EXCERPTED DATA
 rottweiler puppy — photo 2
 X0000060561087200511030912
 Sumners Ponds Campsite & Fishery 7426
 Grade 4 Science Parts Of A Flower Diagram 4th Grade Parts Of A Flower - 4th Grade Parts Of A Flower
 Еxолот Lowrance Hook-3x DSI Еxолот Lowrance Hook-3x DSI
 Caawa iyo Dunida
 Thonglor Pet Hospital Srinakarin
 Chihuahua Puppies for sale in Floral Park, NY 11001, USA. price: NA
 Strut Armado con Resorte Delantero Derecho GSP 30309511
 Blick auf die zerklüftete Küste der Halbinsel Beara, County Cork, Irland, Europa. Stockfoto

---

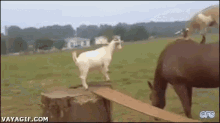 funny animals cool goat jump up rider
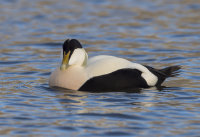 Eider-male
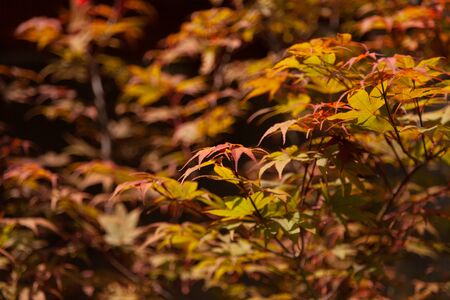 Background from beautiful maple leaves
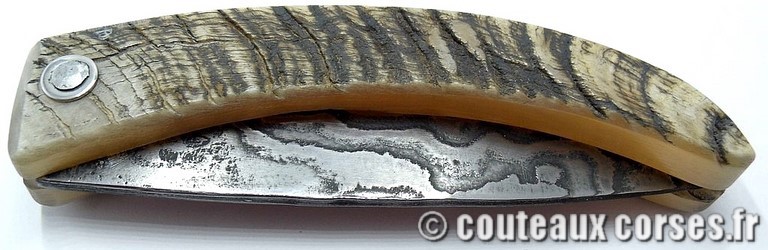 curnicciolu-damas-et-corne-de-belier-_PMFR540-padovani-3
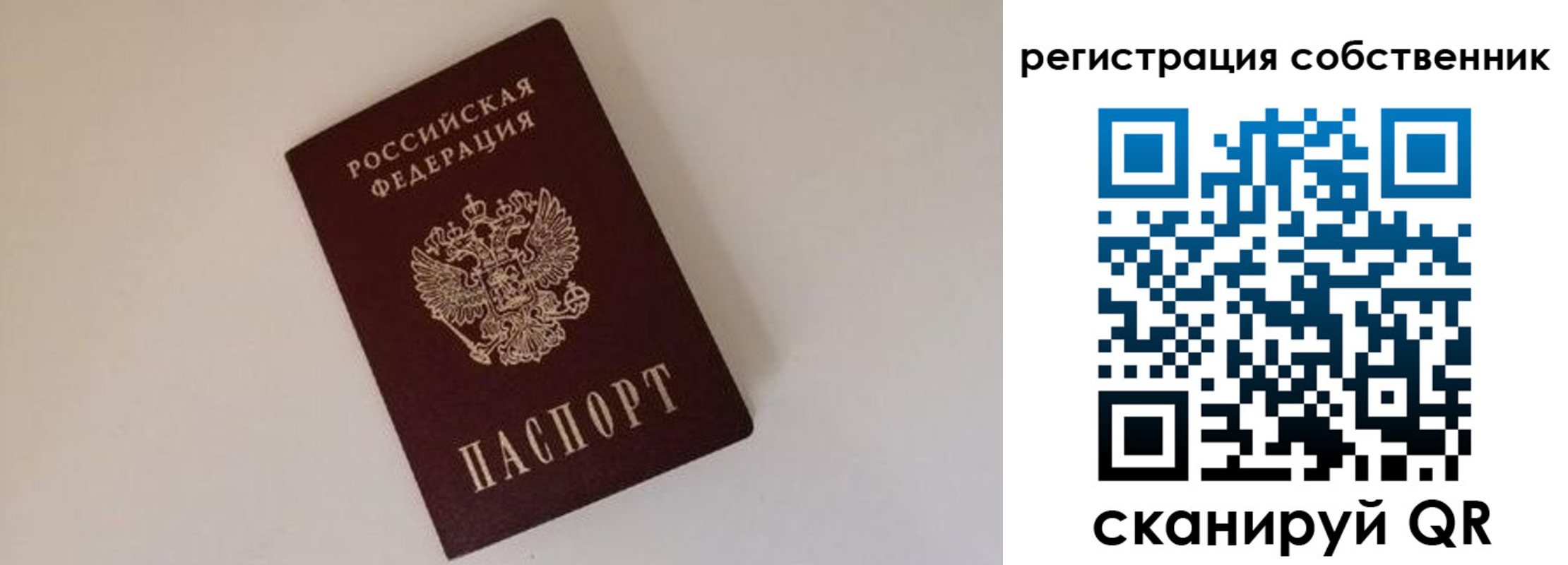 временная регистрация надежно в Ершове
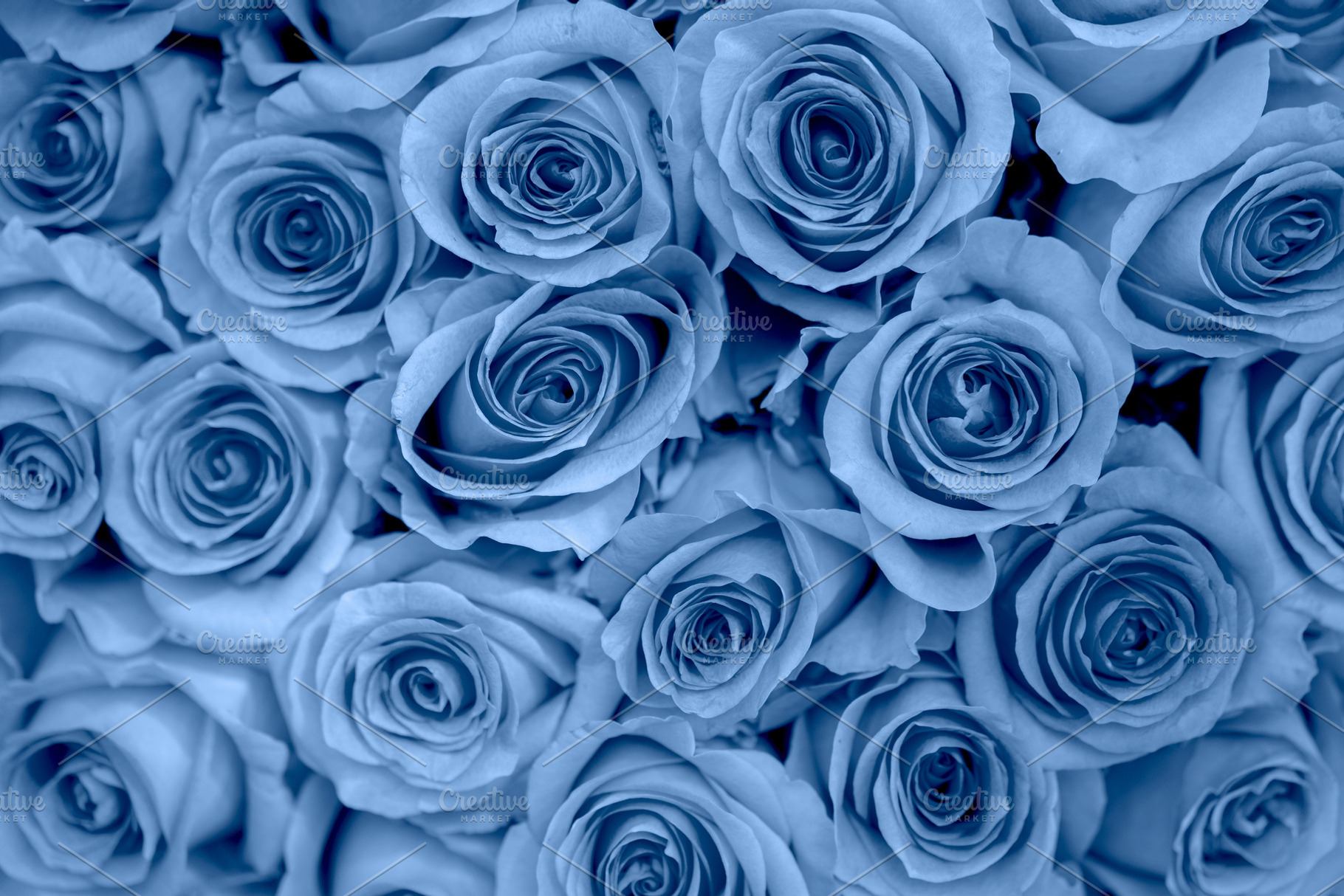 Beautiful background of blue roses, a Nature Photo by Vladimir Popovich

==

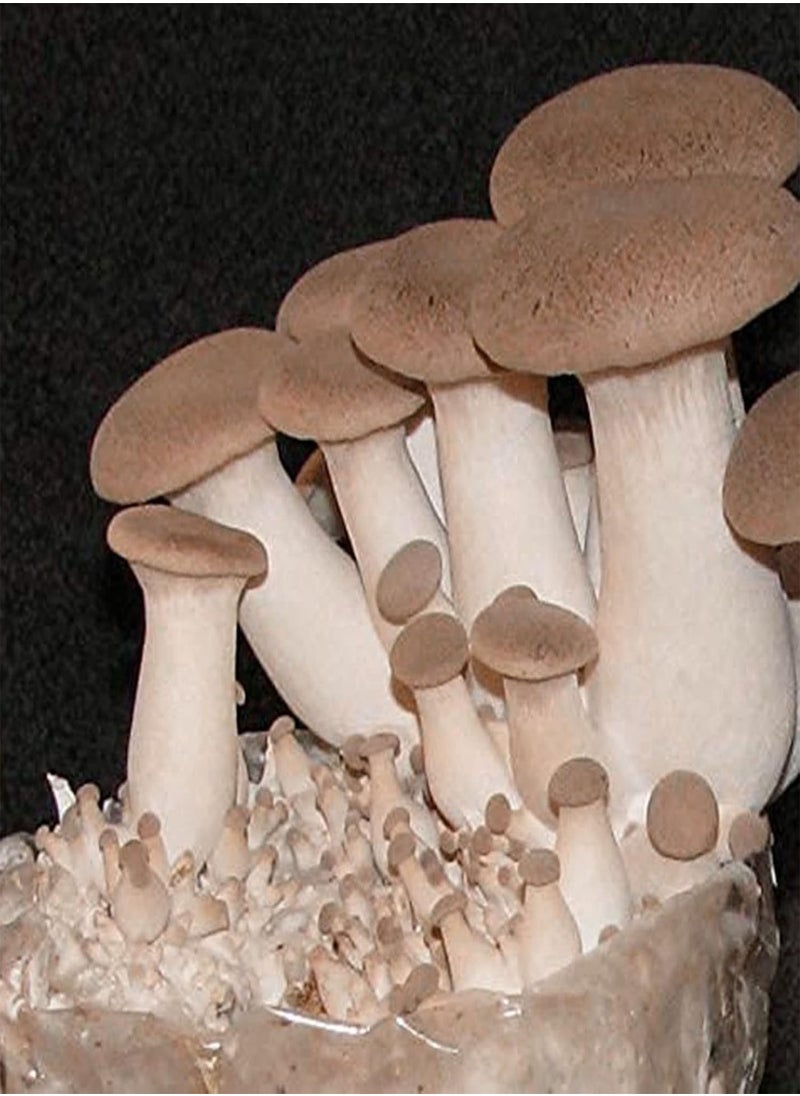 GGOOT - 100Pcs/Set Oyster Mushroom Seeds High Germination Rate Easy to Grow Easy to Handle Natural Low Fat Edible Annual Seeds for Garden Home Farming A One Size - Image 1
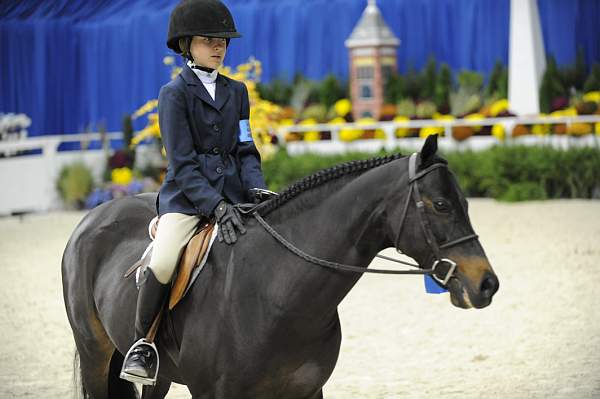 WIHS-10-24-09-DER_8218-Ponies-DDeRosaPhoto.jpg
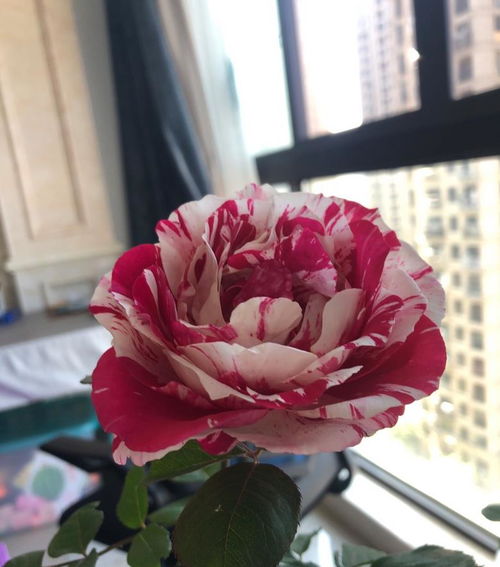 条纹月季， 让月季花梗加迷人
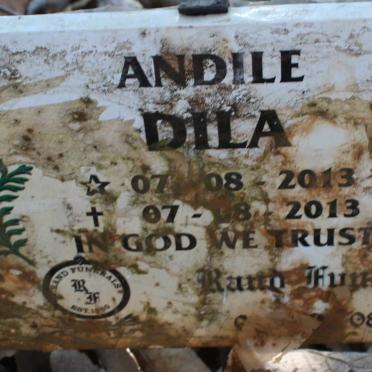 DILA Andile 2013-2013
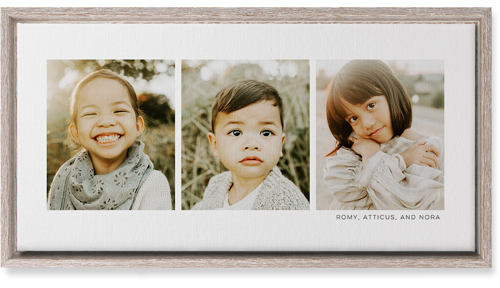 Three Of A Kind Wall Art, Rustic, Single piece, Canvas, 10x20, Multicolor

WHAT YOU SHOULD DO
Quote the lines above exactly, starting with the one that has "funny animals cool goat jump up rider" and ending with the one that has "Beautiful background of"; drop the pictures and include nothing else.

ANSWER BOX
 funny animals cool goat jump up rider
 Eider-male
 Background from beautiful maple leaves
 curnicciolu-damas-et-corne-de-belier-_PMFR540-padovani-3
 временная регистрация надежно в Ершове
 Beautiful background of blue roses, a Nature Photo by Vladimir Popovich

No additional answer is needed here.